E mai toccato uno strumento.

«Guardi, la stupirò: per amare la musica non è necessario saperla suonare. Forse che riesce a godere Shakespeare solo chi scrive tragedie? Credo che la didattica di base della musica, negli ultimi decenni, sia stata volonterosa ma fondamentalmente sbagliata. Diciamo la verità: certi infami pifferi messi a forza tra i denti degli scolari, con quegli strazianti miagolii che si sentono a volte uscire dalle finestre delle scuole, finiscono per farla odiare, la musica, a un ragazzino. Non credo neppure che sia necessario insegnare a leggere lo spartito, un esercizio tecnico dispendioso e inutile per chi poi non farà il musicista di professione».

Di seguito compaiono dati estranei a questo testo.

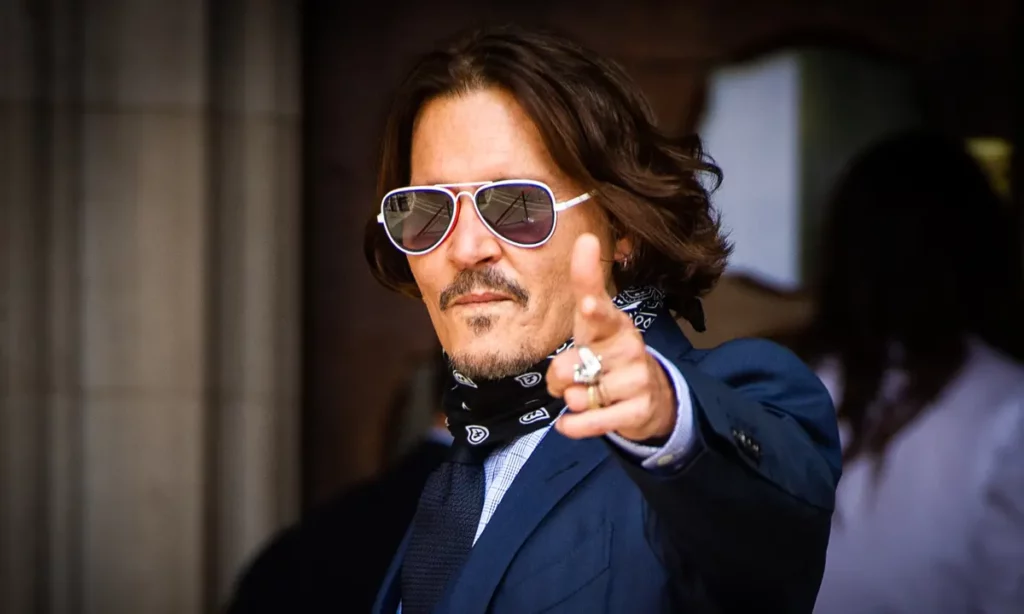 Johnny Depp vive o rei da França Luis XV no filme Jeanne Du Barry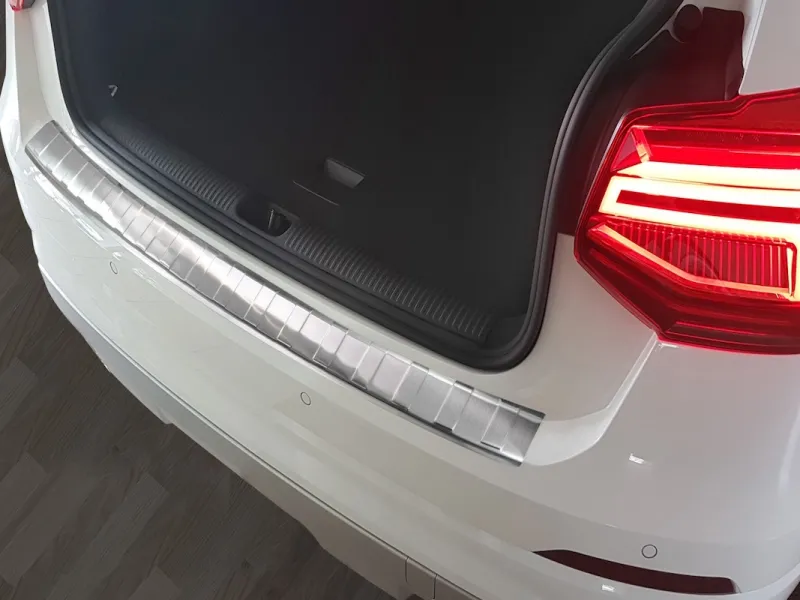 CLASSIC Edelstahl Ladekantenschutz passend für Audi Q2 ab 2017-2020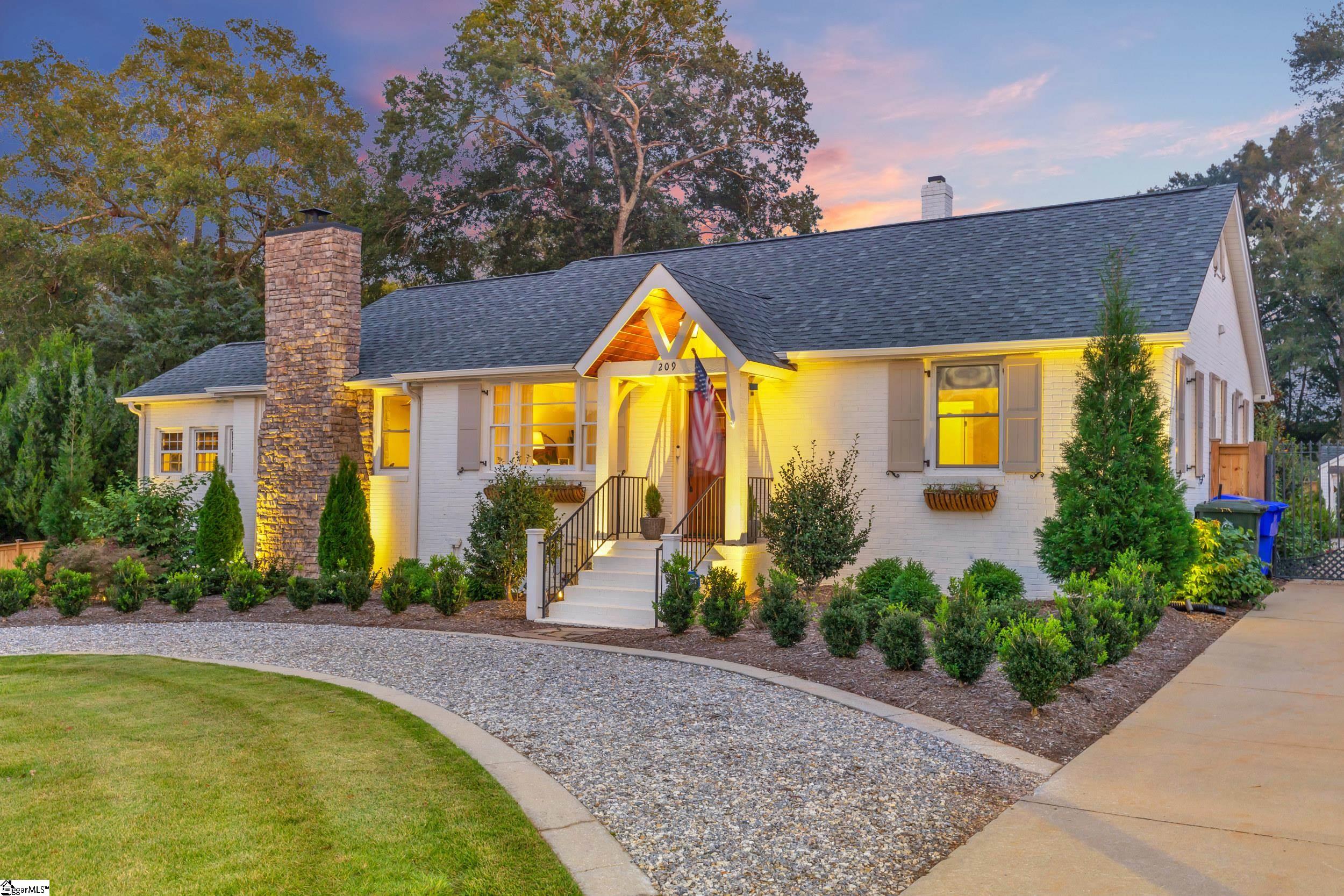 209 Rice Street Greenville, SC 29605 - Photo 2 of 47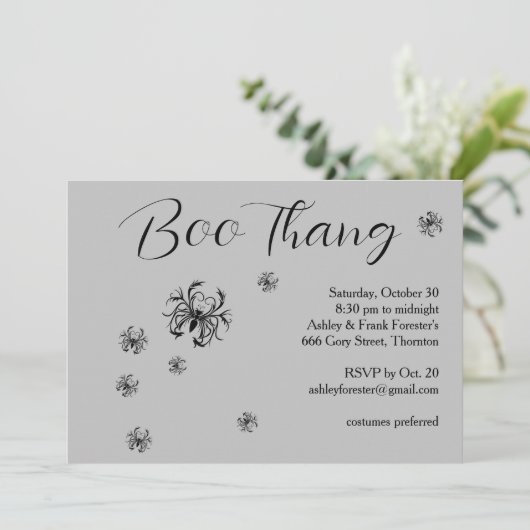Boo Thang Creepy Spiders Grey Halloween Party Kaart (Staand voorkant)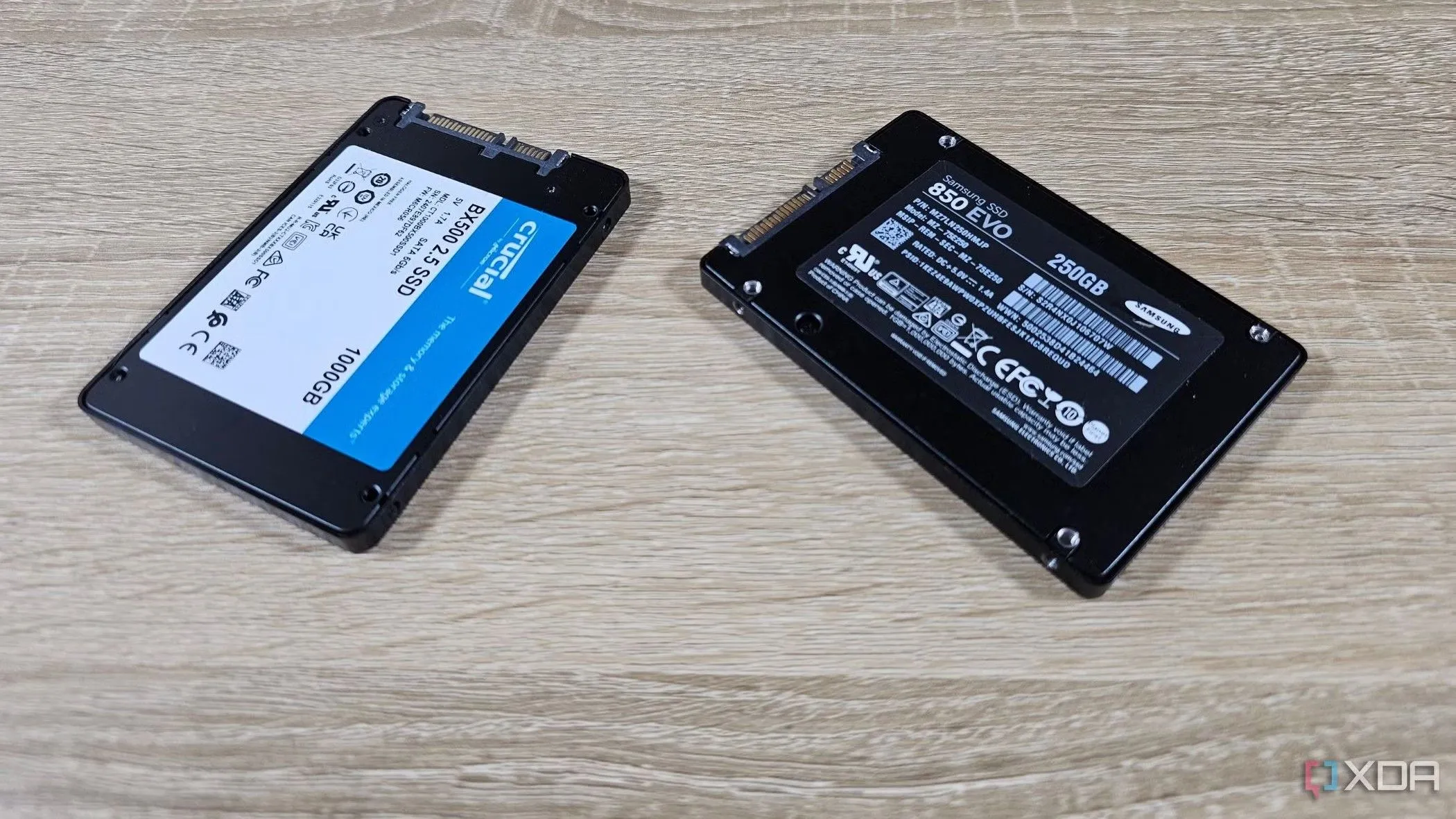 Hai ổ cứng SSD Crucial và Samsung đặt cạnh nhau trên bàn, minh họa sự đa dạng của các lựa chọn SSD trên thị trường.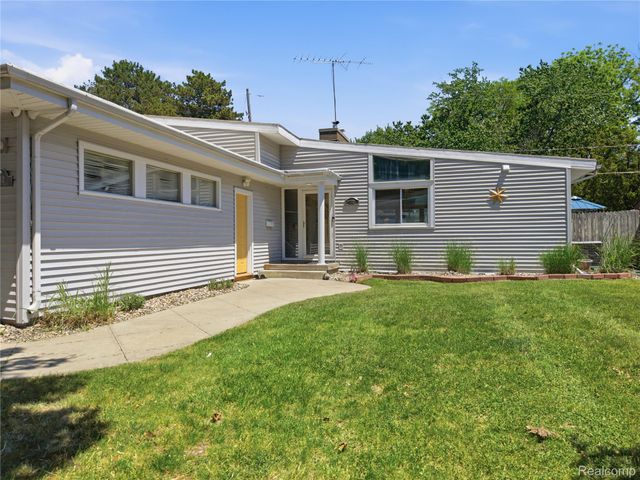 1112 E Washburn Place, Saginaw, MI 48602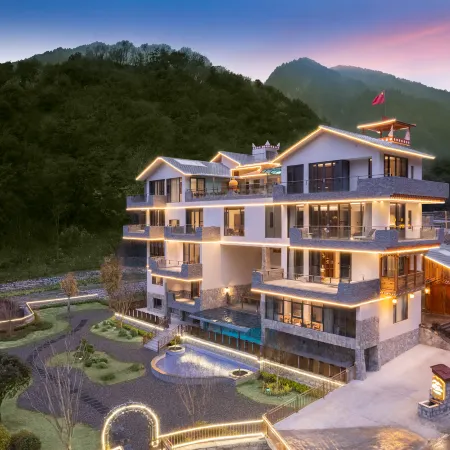 Dingshang Xianju | A Modern Wabi-Sabi-Inspired Guesthouse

 I ragazzi preferiscono abitare gli stadi del rock che i teatri della sinfonica. «I ragazzi che girano per strada con gli auricolari spesso ascoltano cose molto complesse. Non è la presunta "difficoltà" della musica colta a tenerli fuori dai teatri. Molte volte è una ritualità che non s'è mai rinnovata. Quanto vorrei che finissero certe liturgie, l'applauso, gli abiti scuri, l'ingresso sul palco dei "pinguini" col capo pinguino... Sogno concerti dove i musicisti, vestiti come i loro ascoltatori, spiegano e condividono ciò che stanno per fare, un concerto senza sacerdoti separati dai fedeli, un concerto dove tutti siano concelebranti...».

La lirica negli stadi?

«Non so se i Tre tenori e cose simili abbiano allargato il pubblico della musica, ma non credo l'abbiano comunicata. Quei recital sono condensati di arie celebri, una dopo l'altra, come cioccolatini; strappano applausi, ma un pranzo fatto solo di dessert finisce per disgustare. Un'opera è un apparato complesso, fatto di densità diverse, l'aria esplode al momento giusto, non la puoi strappare come un fiore dall'albero».

Cosa resta? La tivù?

«Vuole dire quei concerti-sonnifero trasmessi alle tre di notte, per assolvere un dovere?».